In [10]:
import torch
import torch.nn as nn
import torch.optim as optim
import torch.nn.functional as F
from torchvision import datasets, transforms
from torch.utils.data import DataLoader, Subset


In [11]:
# Make sure model and data are both on either cpu or gpu
device = torch.device('cuda' if torch.cuda.is_available() else 'cpu')

In [12]:
# Preparing the MNIST dataset
transform = transforms.Compose([transforms.ToTensor(), transforms.Normalize((0.5,), (0.5,))])

# Load full MNIST dataset
train_dataset = datasets.MNIST(root='./data', train=True, transform=transform, download=True)
test_dataset = datasets.MNIST(root='./data', train=False, transform=transform)
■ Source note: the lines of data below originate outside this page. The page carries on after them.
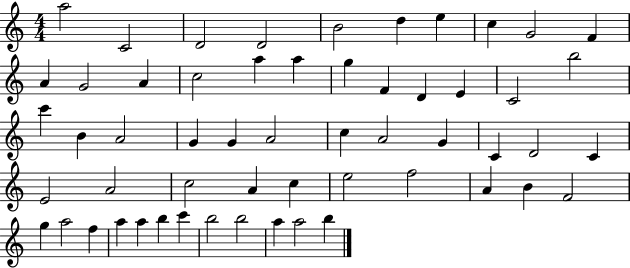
A5/h C4/h D4/h D4/h B4/h D5/q E5/q C5/q G4/h F4/q A4/q G4/h A4/q C5/h A5/q A5/q G5/q F4/q D4/q E4/q C4/h B5/h C6/q B4/q A4/h G4/q G4/q A4/h C5/q A4/h G4/q C4/q D4/h C4/q E4/h A4/h C5/h A4/q C5/q E5/h F5/h A4/q B4/q F4/h G5/q A5/h F5/q A5/q A5/q B5/q C6/q B5/h B5/h A5/q A5/h B5/q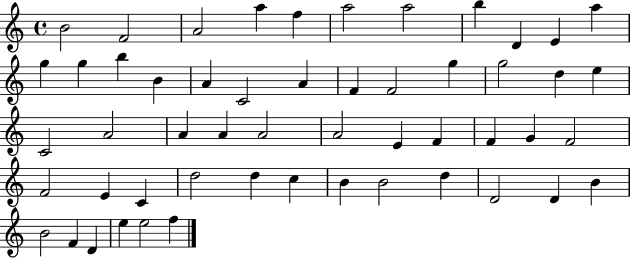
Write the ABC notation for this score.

X:1
T:Untitled
M:4/4
L:1/4
K:C
B2 F2 A2 a f a2 a2 b D E a g g b B A C2 A F F2 g g2 d e C2 A2 A A A2 A2 E F F G F2 F2 E C d2 d c B B2 d D2 D B B2 F D e e2 f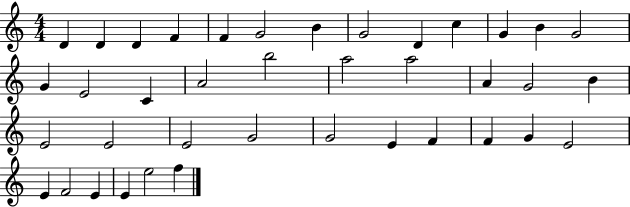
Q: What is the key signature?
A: C major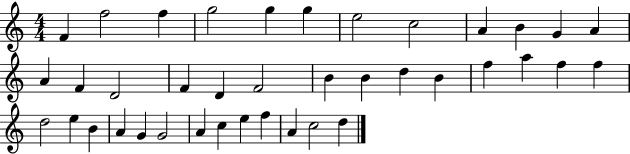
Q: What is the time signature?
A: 4/4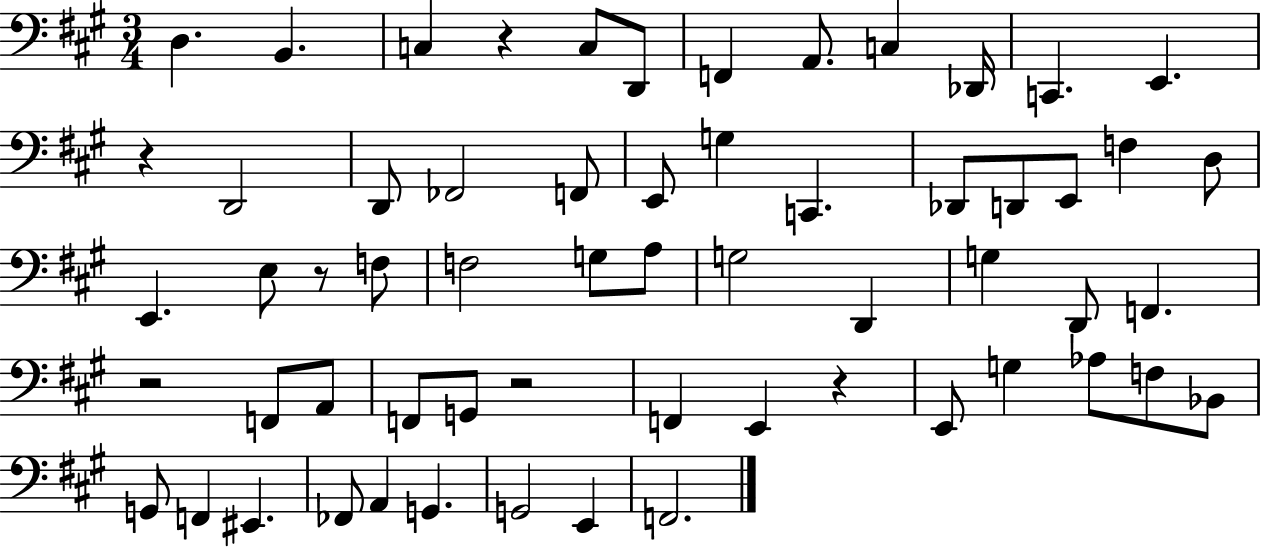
X:1
T:Untitled
M:3/4
L:1/4
K:A
D, B,, C, z C,/2 D,,/2 F,, A,,/2 C, _D,,/4 C,, E,, z D,,2 D,,/2 _F,,2 F,,/2 E,,/2 G, C,, _D,,/2 D,,/2 E,,/2 F, D,/2 E,, E,/2 z/2 F,/2 F,2 G,/2 A,/2 G,2 D,, G, D,,/2 F,, z2 F,,/2 A,,/2 F,,/2 G,,/2 z2 F,, E,, z E,,/2 G, _A,/2 F,/2 _B,,/2 G,,/2 F,, ^E,, _F,,/2 A,, G,, G,,2 E,, F,,2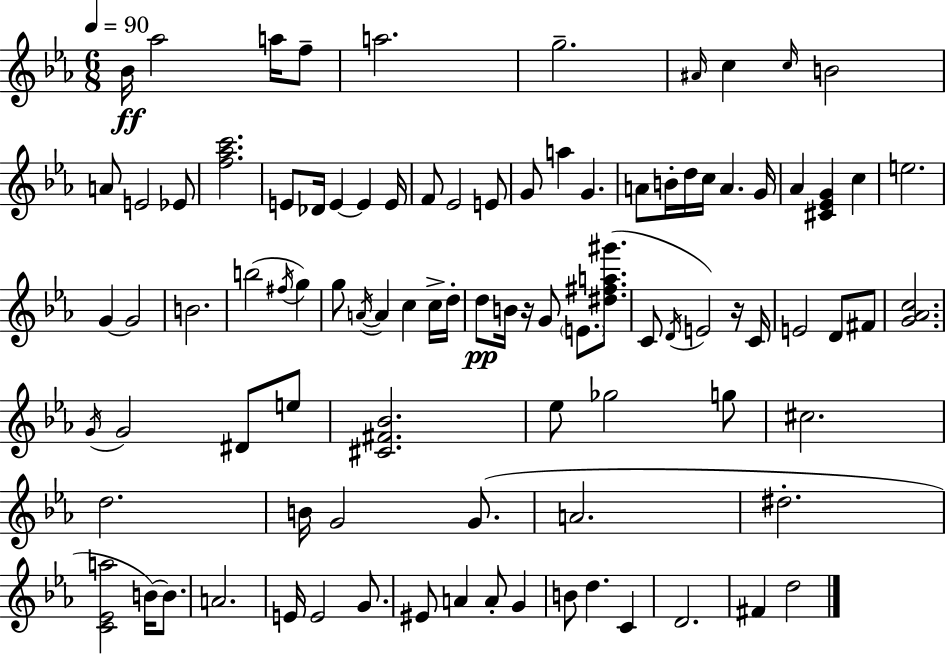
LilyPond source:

{
  \clef treble
  \numericTimeSignature
  \time 6/8
  \key ees \major
  \tempo 4 = 90
  bes'16\ff aes''2 a''16 f''8-- | a''2. | g''2.-- | \grace { ais'16 } c''4 \grace { c''16 } b'2 | \break a'8 e'2 | ees'8 <f'' aes'' c'''>2. | e'8 des'16 e'4~~ e'4 | e'16 f'8 ees'2 | \break e'8 g'8 a''4 g'4. | a'8 b'16-. d''16 c''16 a'4. | g'16 aes'4 <cis' ees' g'>4 c''4 | e''2. | \break g'4~~ g'2 | b'2. | b''2( \acciaccatura { fis''16 } g''4) | g''8 \acciaccatura { a'16~ }~ a'4 c''4 | \break c''16-> d''16-. d''8\pp b'16 r16 g'8 \parenthesize e'8. | <dis'' fis'' a'' gis'''>8.( c'8 \acciaccatura { d'16 }) e'2 | r16 c'16 e'2 | d'8 fis'8 <g' aes' c''>2. | \break \acciaccatura { g'16 } g'2 | dis'8 e''8 <cis' fis' bes'>2. | ees''8 ges''2 | g''8 cis''2. | \break d''2. | b'16 g'2 | g'8.( a'2. | dis''2.-. | \break <c' ees' a''>2 | b'16~~) b'8. a'2. | e'16 e'2 | g'8. eis'8 a'4 | \break a'8-. g'4 b'8 d''4. | c'4 d'2. | fis'4 d''2 | \bar "|."
}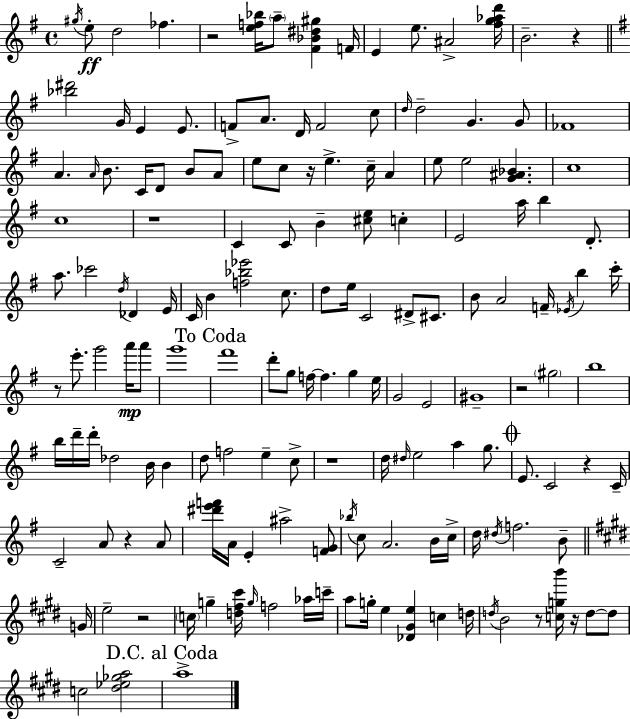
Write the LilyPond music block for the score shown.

{
  \clef treble
  \time 4/4
  \defaultTimeSignature
  \key g \major
  \acciaccatura { gis''16 }\ff e''8-. d''2 fes''4. | r2 <e'' f'' bes''>16 \parenthesize a''8-- <fis' bes' dis'' gis''>4 | f'16 e'4 e''8. ais'2-> | <fis'' g'' aes'' d'''>16 b'2.-- r4 | \break \bar "||" \break \key e \minor <bes'' dis'''>2 g'16 e'4 e'8. | f'8-> a'8. d'16 f'2 c''8 | \grace { d''16 } d''2-- g'4. g'8 | fes'1 | \break a'4. \grace { a'16 } b'8. c'16 d'8 b'8 | a'8 e''8 c''8 r16 e''4.-> c''16-- a'4 | e''8 e''2 <g' ais' bes'>4. | c''1 | \break c''1 | r1 | c'4 c'8 b'4-- <cis'' e''>8 c''4-. | e'2 a''16 b''4 d'8.-. | \break a''8. ces'''2 \acciaccatura { d''16 } des'4 | e'16 c'16 b'4 <f'' bes'' ees'''>2 | c''8. d''8 e''16 c'2 dis'8-> | cis'8. b'8 a'2 f'16-- \acciaccatura { ees'16 } b''4 | \break c'''16-. r8 e'''8.-. g'''2 | a'''16\mp a'''8 g'''1 | \mark "To Coda" fis'''1 | d'''8-. g''8 f''16~~ f''4. g''4 | \break e''16 g'2 e'2 | gis'1-- | r2 \parenthesize gis''2 | b''1 | \break b''16 d'''16-- d'''16-. des''2 b'16 | b'4 d''8 f''2 e''4-- | c''8-> r1 | d''16 \grace { dis''16 } e''2 a''4 | \break g''8. \mark \markup { \musicglyph "scripts.coda" } e'8. c'2 | r4 c'16-- c'2-- a'8 r4 | a'8 <dis''' e''' f'''>16 a'16 e'4-. ais''2-> | <f' g'>8 \acciaccatura { bes''16 } c''8 a'2. | \break b'16 c''16-> d''16 \acciaccatura { dis''16 } f''2. | b'8-- \bar "||" \break \key e \major g'16 e''2-- r2 | \parenthesize c''16 g''4-- <d'' fis'' cis'''>16 \grace { g''16 } f''2 | aes''16 c'''16-- a''8 g''16-. e''4 <des' gis' e''>4 c''4 | d''16 \acciaccatura { d''16 } b'2 r8 <c'' g'' b'''>16 r16 d''8~~ | \break d''8 c''2 <dis'' ees'' ges'' a''>2 | \mark "D.C. al Coda" a''1-> | \bar "|."
}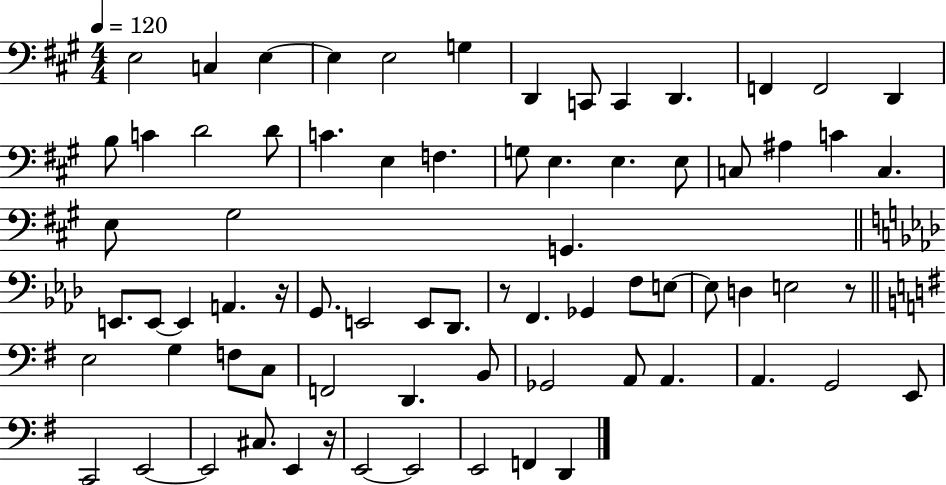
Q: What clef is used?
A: bass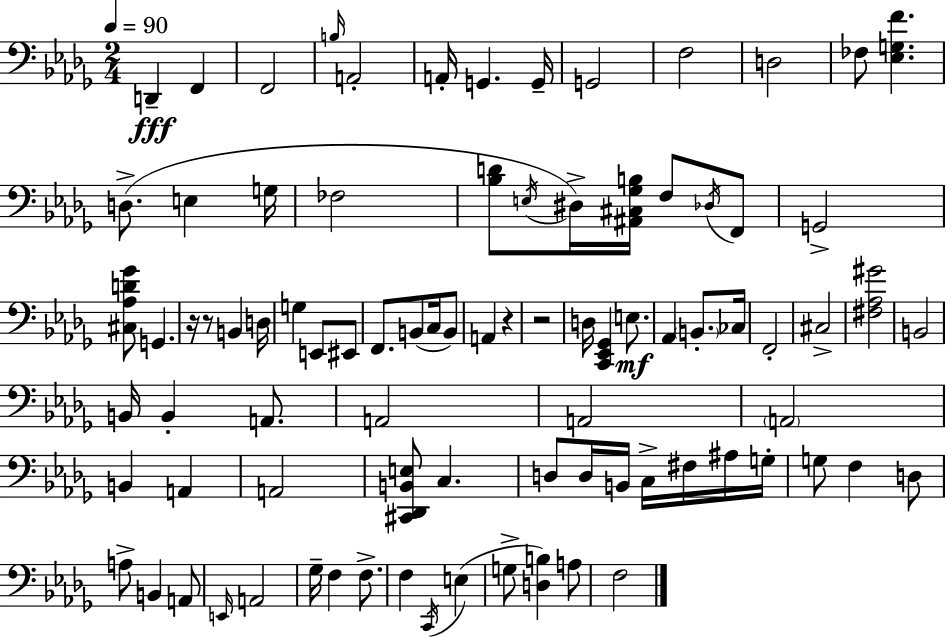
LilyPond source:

{
  \clef bass
  \numericTimeSignature
  \time 2/4
  \key bes \minor
  \tempo 4 = 90
  \repeat volta 2 { d,4--\fff f,4 | f,2 | \grace { b16 } a,2-. | a,16-. g,4. | \break g,16-- g,2 | f2 | d2 | fes8 <ees g f'>4. | \break d8.->( e4 | g16 fes2 | <bes d'>8 \acciaccatura { e16 }) dis16-> <ais, cis ges b>16 f8 | \acciaccatura { des16 } f,8 g,2-> | \break <cis aes d' ges'>8 g,4. | r16 r8 b,4 | d16 g4 e,8 | eis,8 f,8. b,8( | \break c16 b,8) a,4 r4 | r2 | d16 <c, ees, ges,>4 | e8.\mf aes,4 \parenthesize b,8.-. | \break ces16 f,2-. | cis2-> | <fis aes gis'>2 | b,2 | \break b,16 b,4-. | a,8. a,2 | a,2 | \parenthesize a,2 | \break b,4 a,4 | a,2 | <cis, des, b, e>8 c4. | d8 d16 b,16 c16-> | \break fis16 ais16 g16-. g8 f4 | d8 a8-> b,4 | a,8 \grace { e,16 } a,2 | ges16-- f4 | \break f8.-> f4 | \acciaccatura { c,16 }( e4 g8-> <d b>4) | a8 f2 | } \bar "|."
}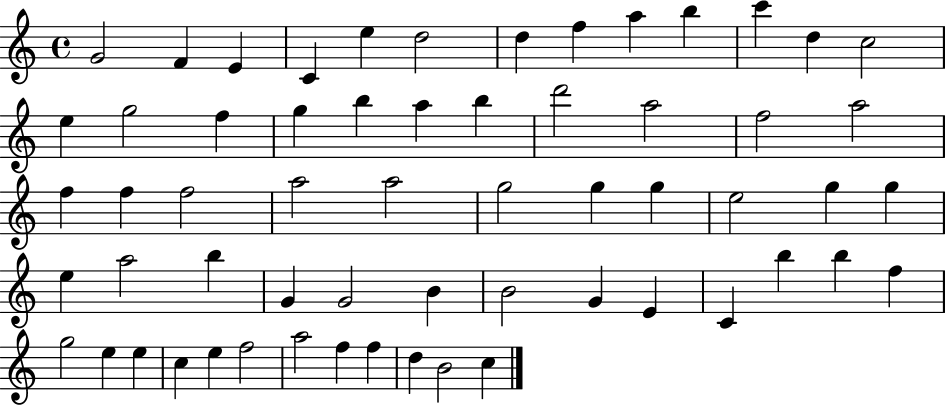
{
  \clef treble
  \time 4/4
  \defaultTimeSignature
  \key c \major
  g'2 f'4 e'4 | c'4 e''4 d''2 | d''4 f''4 a''4 b''4 | c'''4 d''4 c''2 | \break e''4 g''2 f''4 | g''4 b''4 a''4 b''4 | d'''2 a''2 | f''2 a''2 | \break f''4 f''4 f''2 | a''2 a''2 | g''2 g''4 g''4 | e''2 g''4 g''4 | \break e''4 a''2 b''4 | g'4 g'2 b'4 | b'2 g'4 e'4 | c'4 b''4 b''4 f''4 | \break g''2 e''4 e''4 | c''4 e''4 f''2 | a''2 f''4 f''4 | d''4 b'2 c''4 | \break \bar "|."
}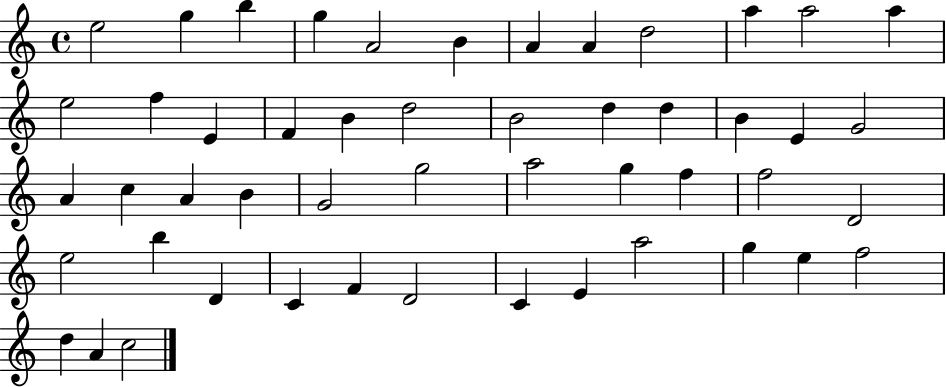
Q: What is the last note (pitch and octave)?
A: C5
# Reduce training dataset to 20.000 examples
num_examples = 20000
indices = torch.randperm(len(train_dataset))[:num_examples] 
train_subset = Subset(train_dataset, indices)

# Dataloaders
train_loader = DataLoader(train_dataset, batch_size=64, shuffle=True)
test_loader = DataLoader(test_dataset, batch_size=1000, shuffle=False)


In [13]:
class MLP_RFA(nn.Module):
    def __init__(self, input_size=784, hidden1=256, hidden2=128, output_size=10): # 784 because MNIST images are 28x28 pixels
        super(MLP_RFA, self).__init__() # run all setup code of the parent class before adding custom parts, to make sure my class inherits its full functionality
        self.fc1 = nn.Linear(input_size, hidden1)  # first hidden layer
        self.fc2 = nn.Linear(hidden1, hidden2)     # second hidden layer
        self.fc3 = nn.Linear(hidden2, output_size) # output layer

    def forward(self, x):
        x = x.view(-1, 784)
        h1 = torch.relu(self.fc1(x))
        h2 = torch.relu(self.fc2(h1))
        out = self.fc3(h2)
        return out, h1, h2  # return activations for RFA


In [14]:
# Instantiate model
model = MLP_RFA().to(device)

In [15]:
# Create Feedback matrices: 10x256 tensor with random values from standard normal distribution with mean 0 and sd 0.1
B1 = torch.randn(10, 256, device=device) * 0.1 # Feedback Matrix for first hidden layer
B2 = torch.randn(10, 128, device=device) * 0.1 # Feedback Matrix for second hidden layer


In [17]:
# Training Loop with RFA

criterion = nn.CrossEntropyLoss() # Loss Function
lr = 1e-3 # Learning rate

for epoch in range(5):
    for data, target in train_loader:
        data, target = data.to(device), target.to(device)
        
        # Forward pass
        output, h1, h2 = model(data)
        loss = criterion(output, target)
        
        # Zero gradients manually
        for param in model.parameters():
            param.grad = None

        # Compute output error
        e = torch.zeros_like(output)
        e[range(target.shape[0]), target] = 1
        e = output.softmax(dim=1) - e  # cross-entropy gradient approximation

        # Compute gradients via random feedback alignment
        # Output layer gradients (standard)
        grad_fc3_w = torch.matmul(e.T, h2)
        grad_fc3_b = e.sum(0)

        # Hidden layer 2 gradients via B2
        delta_h2 = torch.matmul(e, B2) * (h2 > 0).float()
        grad_fc2_w = torch.matmul(delta_h2.T, h1)
        grad_fc2_b = delta_h2.sum(0)

        # Hidden layer 1 gradients via B1
        delta_h1 = torch.matmul(e, B1) * (h1 > 0).float()
        x_flat = data.view(-1, 784)
        grad_fc1_w = torch.matmul(delta_h1.T, x_flat)
        grad_fc1_b = delta_h1.sum(0)

        # Update weights manually
        model.fc3.weight.data -= lr * grad_fc3_w / data.size(0)
        model.fc3.bias.data   -= lr * grad_fc3_b / data.size(0)

        model.fc2.weight.data -= lr * grad_fc2_w / data.size(0)
        model.fc2.bias.data   -= lr * grad_fc2_b / data.size(0)

        model.fc1.weight.data -= lr * grad_fc1_w / data.size(0)
        model.fc1.bias.data   -= lr * grad_fc1_b / data.size(0)

    print(f"Epoch {epoch+1}, Loss: {loss.item():.4f}")


Epoch 1, Loss: 0.5432
Epoch 2, Loss: 0.5051
Epoch 3, Loss: 0.1577
Epoch 4, Loss: 0.3688
Epoch 5, Loss: 0.3634